Peze Soria
Peze Soria
Algunas ciudades los prohibieron, en otras se sindicalizaron. El oficio de los cuidacoches muchas veces está desentendido de lo legal y en muchos casos es una salida laboral para personas que no tienen realmente demasiadas alternativas. En Catamarca han proliferado a tal punto que a los ‘trapitos’ ya se los puede encontrar en la playa de estacionamiento de Casa de Gobierno.
Hay puntos índices que cumplen ese rol. Están ahí y se esfuerzan por no pasar desapercibidos. No tienen realmente nada que hacer, no tienen escritorio ni oficina, no tienen otra función que no sea la de la militancia política. Pero están ahí y van casi todos los días, como pudorosos de cobrar un sueldo sin ir al puesto de ‘trabajo’. Por eso se los puede ver conversando con funcionarios, con empleados, con los choferes, pululeando entre los vehículos oficiales hasta que se hacen las 13 para el almuerzo.
“Están cuidando la camioneta del gobernador”, bromean en los pasillos.
Hay quienes hasta hace algunos meses incluso cobraban menos, porque sus ingresos tenían un techo que ahora el Ejecutivo elevó. Los excolegas intendentes lo reconocen: en términos salariales, conviene tener un punto índice porque implica casi el triple de sueldo y la mitad de responsabilidades.
Como los trapitos, muchos de los puntos índices son personas que no tienen otra salida laboral, que encuentran en ese ‘trabajo’ la alternativa para sostener a la familia. Y como los trapitos, muchos otros se desentienden de lo legal: llegaron a ese puesto como premio por haber dejado municipios endeudados, por haber librado cheques sin fondo, por motorizar conflictos institucionales sin precedentes o lo que es más triste: porque no saben hacer otra cosa.
No está clara la cantidad exacta de ‘trapitos’ que hay en Casa de Gobierno. Algunos opositores dicen que son 900, otros que son más de 1000, otros en el Ejecutivo aseguran extraoficialmente que son “apenas 500”.

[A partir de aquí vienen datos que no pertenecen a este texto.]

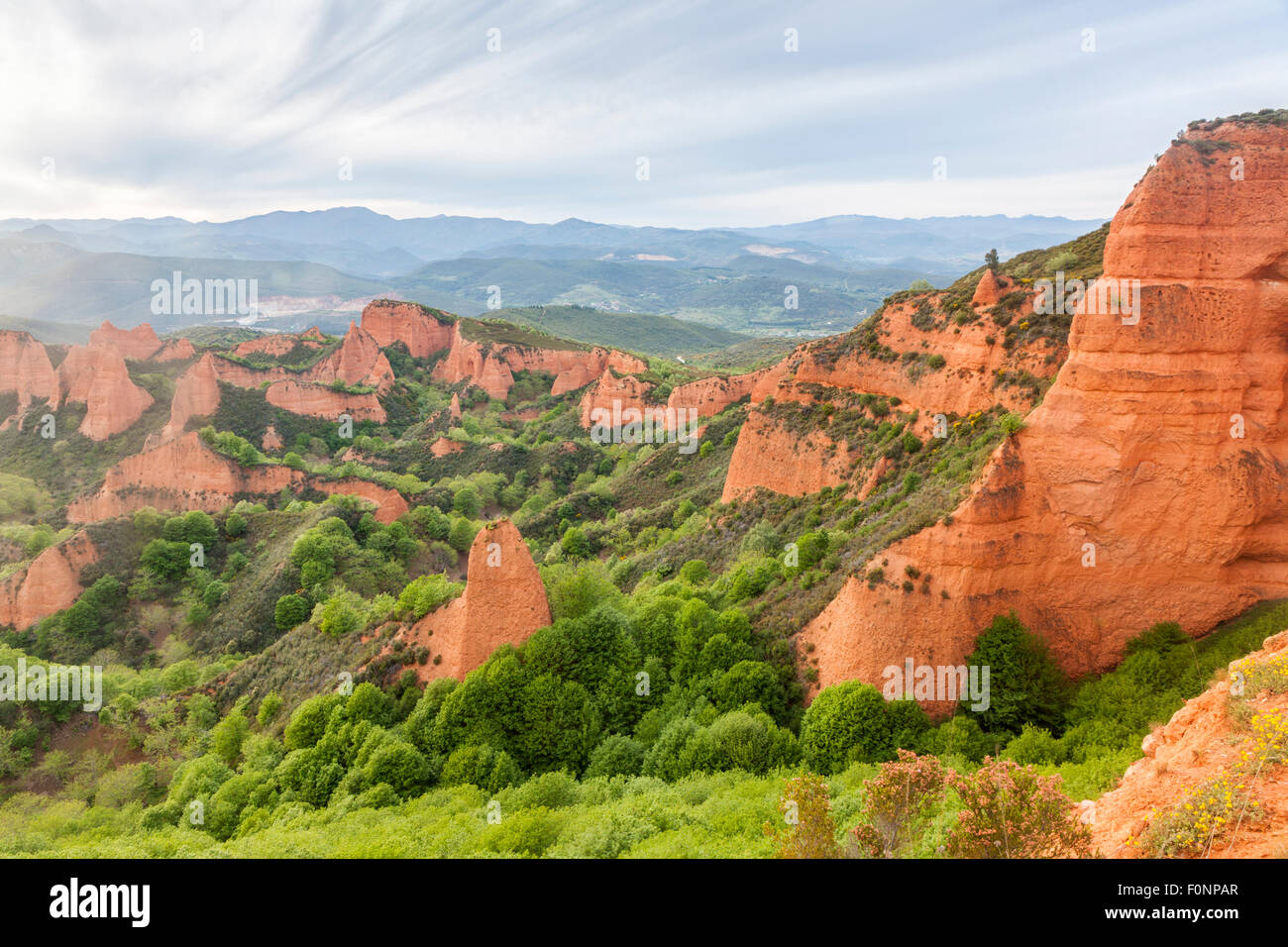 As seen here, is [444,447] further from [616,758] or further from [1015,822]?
[1015,822]

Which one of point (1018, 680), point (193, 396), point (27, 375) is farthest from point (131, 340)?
point (1018, 680)

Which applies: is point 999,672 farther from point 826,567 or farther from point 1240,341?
point 1240,341

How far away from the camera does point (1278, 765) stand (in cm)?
1043

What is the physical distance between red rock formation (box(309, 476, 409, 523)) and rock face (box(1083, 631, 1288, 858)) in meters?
60.5

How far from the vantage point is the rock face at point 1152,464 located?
1977 centimetres

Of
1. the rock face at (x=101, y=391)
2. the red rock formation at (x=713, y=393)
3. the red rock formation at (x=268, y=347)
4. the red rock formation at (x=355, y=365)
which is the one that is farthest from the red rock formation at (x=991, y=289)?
the red rock formation at (x=268, y=347)

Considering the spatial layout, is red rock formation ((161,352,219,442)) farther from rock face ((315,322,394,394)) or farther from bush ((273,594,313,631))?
bush ((273,594,313,631))

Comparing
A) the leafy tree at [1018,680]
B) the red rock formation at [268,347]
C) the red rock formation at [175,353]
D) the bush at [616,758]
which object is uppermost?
the red rock formation at [268,347]

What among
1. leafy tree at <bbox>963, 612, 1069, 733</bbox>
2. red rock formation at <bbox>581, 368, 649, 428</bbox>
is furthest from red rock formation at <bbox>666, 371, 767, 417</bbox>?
leafy tree at <bbox>963, 612, 1069, 733</bbox>

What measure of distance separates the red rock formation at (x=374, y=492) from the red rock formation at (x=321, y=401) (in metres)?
25.2

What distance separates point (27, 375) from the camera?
238 feet

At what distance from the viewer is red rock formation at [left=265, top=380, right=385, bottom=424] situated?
86.8 meters

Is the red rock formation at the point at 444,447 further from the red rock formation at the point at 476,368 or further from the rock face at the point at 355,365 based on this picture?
the rock face at the point at 355,365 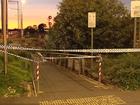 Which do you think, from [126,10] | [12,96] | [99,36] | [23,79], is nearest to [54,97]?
[12,96]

Tampoco hay que desconocer el factor determinante que cumplen estos ‘trapitos’ en el sostenimiento de la estadística de puestos de empleo en la provincia, que tambalean producto de las decisiones del Gobierno Nacional que ya empiezan a mostrar las primeras consecuencias.
Hay quienes proponen reducir el número (reitero, no está claro cuál) a la mitad. En el Ejecutivo no se animan a tomar tan drástica medida, no sea cosa que alguna de las camionetas quede sin quien las mire.
Ante este terrible embate no quedará otra que apuntar a la sindicalización. Podrían convocar a una elección para decidir quién será el secretario general: quizás así reciban la revancha electoral que necesitan.